Upon startup, my code does:
ncclGetUniqId()
on just rank 0 and broadcasts the id to all 3 processes with OpenMPI. I have checked and all 3 nodes correctly get the id. then each node does:
ncclCommInitRank()
I have done this 3 different ways. The first is just calling
ncclCommInitRank()
The second is with:
ncclConfig_t config = NCCL_CONFIG_INITIALIZER;
config.blocking = 1;
ncclCommInitRankgConfig(nccl_comm);
The third is with:
ncclConfig_t config = NCCL_CONFIG_INITIALIZER;
config.blocking = 0;
ncclCommInitRankgConfig(nccl_comm);
ncclResult_t state;
do {
ncclCommGetAsyncError(nccl_com, &state);
} while (state!=ncclSuccess);

I presume that the first two create a blocking communicator and the third creates a nonblocking communicator. I actually don’t need a nonblocking communicator and prefer a blocking communicator.

I have a single stream which I create (on all 3 nodes) with:

cudaStreamCreate(&foreground_stream);

After this, the only other NCCL calls I make are to:

ncclAllReduce() with ncclSum and ncclFloat

For debugging purposes I do:

printf(“A %d\n”, my_rank);
cudaStreamSynchronize(foreground_stream);
printf(“B %d\n”, my_rank);
ncclAllReduce();
printf(“C %d\n”, my_rank);
ncclCommFinalize(nccl_comm);
printf(“D %d\n”, my_rank);
// begin this part only done with nonblocking communicators
ncclResult_t state;
do {
ncclCommGetAsyncError(nccl_comm, &state);
} while (state!=ncclSuccess);
/ end this part only done with nonblocking communicators
print(“E %d\n”, my_rank);
cudaStreamSynchronize(foreground_stream);
printf(“F %d\n”, my_rank);

In all cases, it prints A, B, C, D, and E on all 3 nodes for the first 18 calls and then on the 19th, it prints A, B, C, and D on all 3 nodes and then hangs.

The same thing happens with all 3 way I create the communicator.
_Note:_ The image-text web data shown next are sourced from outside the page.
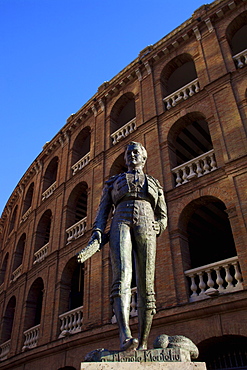 Statue of the Toreador Manolo Montoliu, Plaza De Toros, Valencia, Spain, Europe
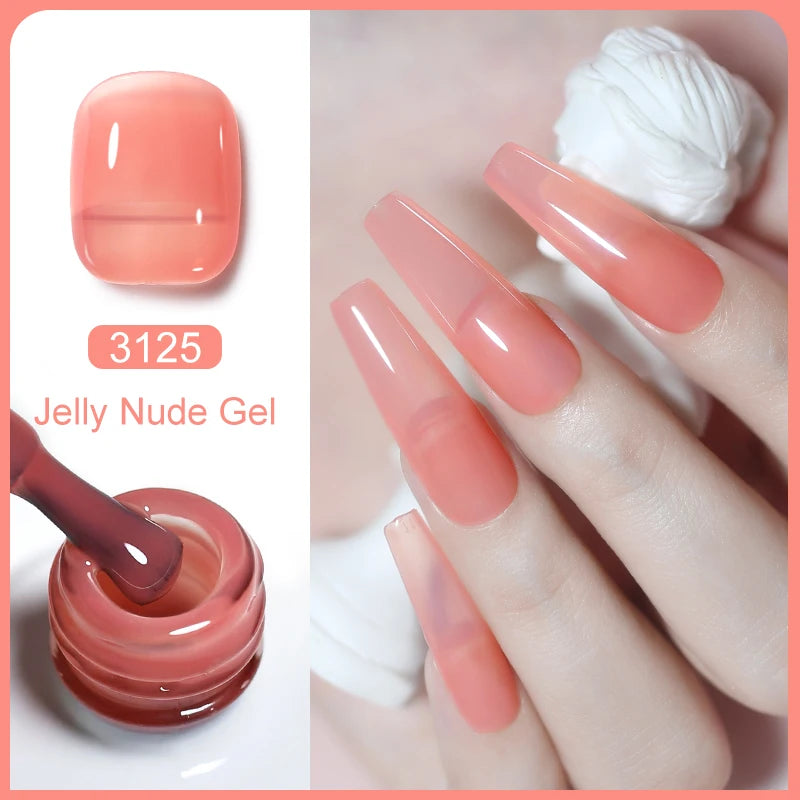Clou Beaute Transparent French HEMA TPO FREE Gel Nail Polish Translucent Rubby Red Nude Pink Milky White Varnish Color Nail Art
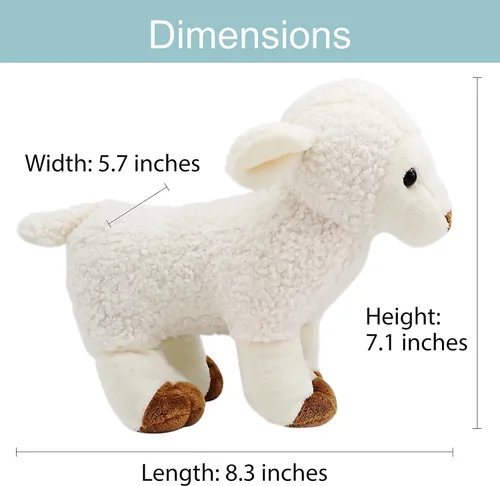 Vista 4 de My Little Lamb - Cordero cantante con Biblia de audio, historias y canciones (3+), animal de peluche musical para bebé, juguete cristiano para niños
First, I observe that ncclCommFinalize() returns ncclInvalidArgument (4). I don’t know why. No other call gives that error with nccl_com and I only pass it to ncclCommInitRank(), ncclCommInitRankconfig(), ncclCommGetAsyncError(), and ncclAllReduce(). So I remove it. But I get the same results both with it and without it.

Second, if I remove the calls to cudaStreamSynchronize before and after the call to ncclAllReduce, and use blocking communicators, no synchronization happens. Two nodes print 60 copies of A, B, C, D, and E then hang. One node prints 32 copies of A, B, C, D, and E, then prints one copy of !, B, C, and D then hangs.

I have done this both with NCCL_IB_DISABLE unset and set to 1 with the same behavior.

I have dones this with both 2.18.5 and 2.19.3 with the same behaviour.

Any help would be appreciated.

Note that I also have run this all with

foreground_stream = NULL;

to get the default stream which is supposed to be blocking and I get the same results.